Les Revenants Review


Les Revenants
Mogwai
Rock Action Records

Mogwai are a great band to follow. They have a fan pleasing knack of going above and beyond knocking out a studio album every two or three years. Each album / tour cycle is usually accompanied by something a little more unusual; there have been EP collections, rarities / early work compilations, tour only releases, BBC sessions, a live album and two remix records. Following in this tradition, Les Revenants is their second soundtrack, in this case to a French TV series.

Their previous soundtrack Zidane: A 21st Century Portrait was surely one of the least likely football background noises ever. There wasn’t a drunken Oi oi oi or crowd singalong moment in the whole thing.

It was also pretty sombre, and at times felt a little incomplete without pictures to accompany it. Les Revenants feels much like an album in its own right.

It has the quiet, sinister feel of their studio work; those tracks that can tend to pass me by on the first few listens, when the ear shatteringly loud riffs are battling for my attention.

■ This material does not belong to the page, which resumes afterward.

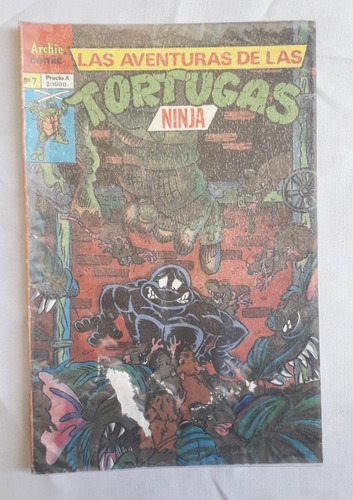 Historieta Antigua * Tortugas Ninjas N º 7 De Archie Comic S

Here, it is all relatively quiet. I’m tempted to compare to Come On Die Young but it wouldn’t be accurate; although lacking in distortion and white noise, the tracks here don’t force you to tease the hooks out like their excellent second album did.

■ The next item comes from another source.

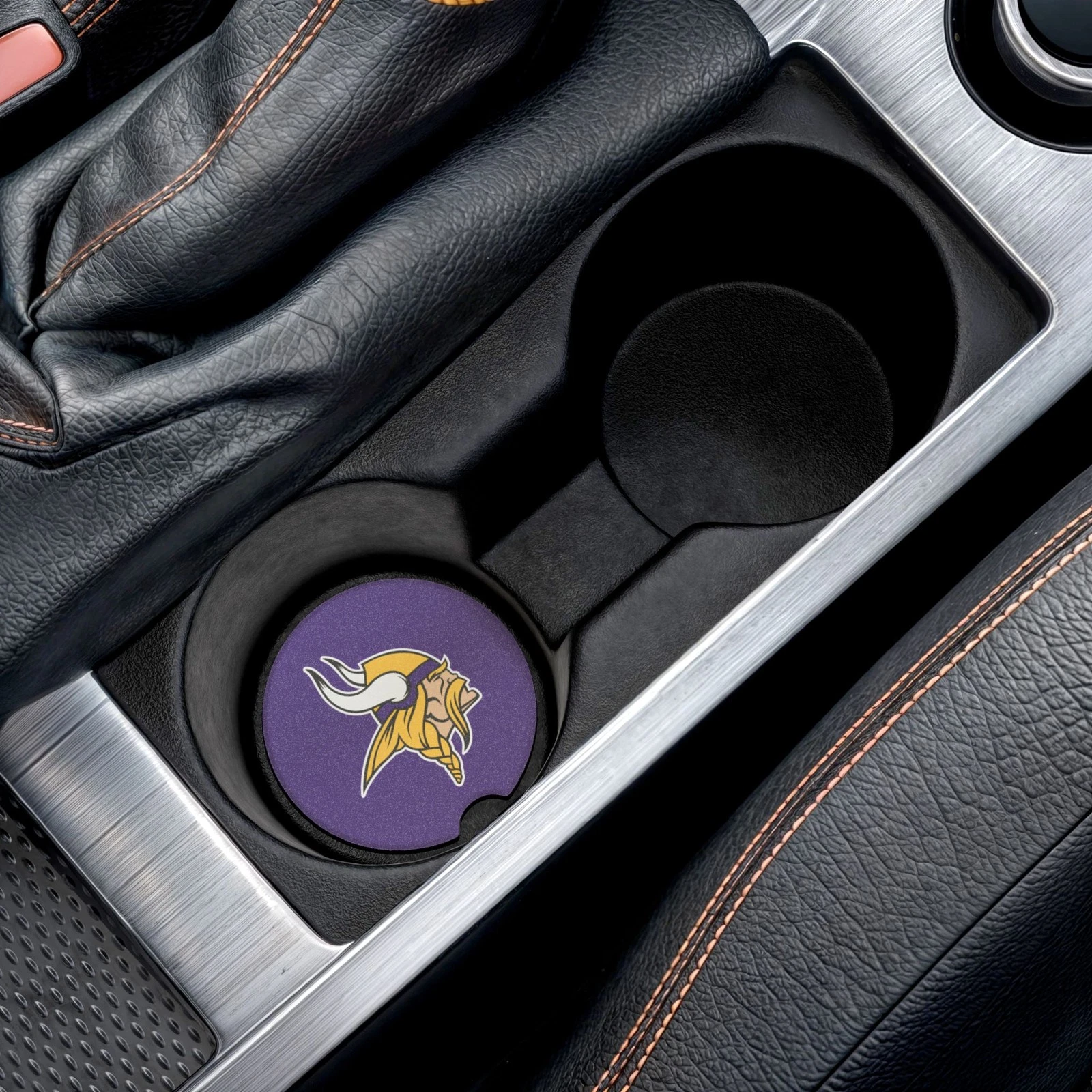 Minnesota Vikings Soapstone Car Coaster – football Cup Holder Insert for Car Decor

Because most of the songs are short and are designed to soundtrack a TV show, there is an upfront nature to the song hooks and structures, even if that hook is a mournful cello or (as is often the case) a plodding piano.

But where Zidane… largely washed over, however pleasantly, here we see not only a tighter, more concentrated set, but also a wider range of tricks. The electronic pulse that guides Jaguar is anything but gentle and This Messiah Needs Watching builds like the Mogwai of Scotland’s Shame. In fact, that song is a good indication; closer Wizard Motor begins in similar fashion but they grows into the loudest track on the album, sputtering beats and layered guitars suggesting the band were finally letting themselves go.

But most striking of all is What Are They Doing In Heaven Today?, their version of a traditional arrangement, complete with a group singalong. It reminds me of Arab Strap’s song The Week Never Starts Round Here and is without doubt the jolliest thing they’ve ever done, in its own way.

At fourteen tracks, it is the longest album Mogwai have given us, at least in terms of tracks titles. It suggests, as does the music, that they were genuinely inspired by the project. Though individual songs don’t stand out as much as they do on their best work, it is a highly accomplished album from a band in a very healthy state.

They’ve long abandoned the 15 minute post rock headaches and this is clearly the music they love now. Their last few studio albums have not quite combined the quiet and the loud tracks into a perfect whole; that goal, alongside reducing track lengths to something more user friendly does appear to have been their aim since Mr Beast but by letting the loud side go (probably because they know they won’t have to tour this extensively) they have created something more focussed, artistic and, yes, rather beautiful. Fingers crossed the TV show gets a UK airing.